Information supplied:
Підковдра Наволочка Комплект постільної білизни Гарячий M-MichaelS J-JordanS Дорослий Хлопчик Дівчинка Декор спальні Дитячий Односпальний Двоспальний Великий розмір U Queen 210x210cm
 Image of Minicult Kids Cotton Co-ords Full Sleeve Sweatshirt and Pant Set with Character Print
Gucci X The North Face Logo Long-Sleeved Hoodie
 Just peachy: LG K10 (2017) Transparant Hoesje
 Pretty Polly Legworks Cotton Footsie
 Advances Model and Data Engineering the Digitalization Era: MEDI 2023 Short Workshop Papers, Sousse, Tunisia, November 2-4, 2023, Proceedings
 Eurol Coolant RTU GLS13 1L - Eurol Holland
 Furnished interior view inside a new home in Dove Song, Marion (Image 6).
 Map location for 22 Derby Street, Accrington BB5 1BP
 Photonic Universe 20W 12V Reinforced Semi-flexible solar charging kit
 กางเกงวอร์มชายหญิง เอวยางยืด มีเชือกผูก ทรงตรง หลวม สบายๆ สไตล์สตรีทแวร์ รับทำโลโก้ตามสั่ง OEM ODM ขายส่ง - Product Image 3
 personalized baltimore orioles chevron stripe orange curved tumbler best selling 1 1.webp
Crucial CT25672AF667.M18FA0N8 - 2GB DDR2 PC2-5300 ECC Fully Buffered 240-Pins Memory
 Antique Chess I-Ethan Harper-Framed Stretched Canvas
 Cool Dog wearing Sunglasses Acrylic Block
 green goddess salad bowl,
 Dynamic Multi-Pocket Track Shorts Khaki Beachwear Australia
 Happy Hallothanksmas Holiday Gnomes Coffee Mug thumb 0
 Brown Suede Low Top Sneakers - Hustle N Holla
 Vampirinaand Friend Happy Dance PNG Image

Work to be completed:
An exact copy of all the records is the expected answer.

Answer to this exercise:
Підковдра Наволочка Комплект постільної білизни Гарячий M-MichaelS J-JordanS Дорослий Хлопчик Дівчинка Декор спальні Дитячий Односпальний Двоспальний Великий розмір U Queen 210x210cm
 Image of Minicult Kids Cotton Co-ords Full Sleeve Sweatshirt and Pant Set with Character Print
Gucci X The North Face Logo Long-Sleeved Hoodie
 Just peachy: LG K10 (2017) Transparant Hoesje
 Pretty Polly Legworks Cotton Footsie
 Advances Model and Data Engineering the Digitalization Era: MEDI 2023 Short Workshop Papers, Sousse, Tunisia, November 2-4, 2023, Proceedings
 Eurol Coolant RTU GLS13 1L - Eurol Holland
 Furnished interior view inside a new home in Dove Song, Marion (Image 6).
 Map location for 22 Derby Street, Accrington BB5 1BP
 Photonic Universe 20W 12V Reinforced Semi-flexible solar charging kit
 กางเกงวอร์มชายหญิง เอวยางยืด มีเชือกผูก ทรงตรง หลวม สบายๆ สไตล์สตรีทแวร์ รับทำโลโก้ตามสั่ง OEM ODM ขายส่ง - Product Image 3
 personalized baltimore orioles chevron stripe orange curved tumbler best selling 1 1.webp
Crucial CT25672AF667.M18FA0N8 - 2GB DDR2 PC2-5300 ECC Fully Buffered 240-Pins Memory
 Antique Chess I-Ethan Harper-Framed Stretched Canvas
 Cool Dog wearing Sunglasses Acrylic Block
 green goddess salad bowl,
 Dynamic Multi-Pocket Track Shorts Khaki Beachwear Australia
 Happy Hallothanksmas Holiday Gnomes Coffee Mug thumb 0
 Brown Suede Low Top Sneakers - Hustle N Holla
 Vampirinaand Friend Happy Dance PNG Image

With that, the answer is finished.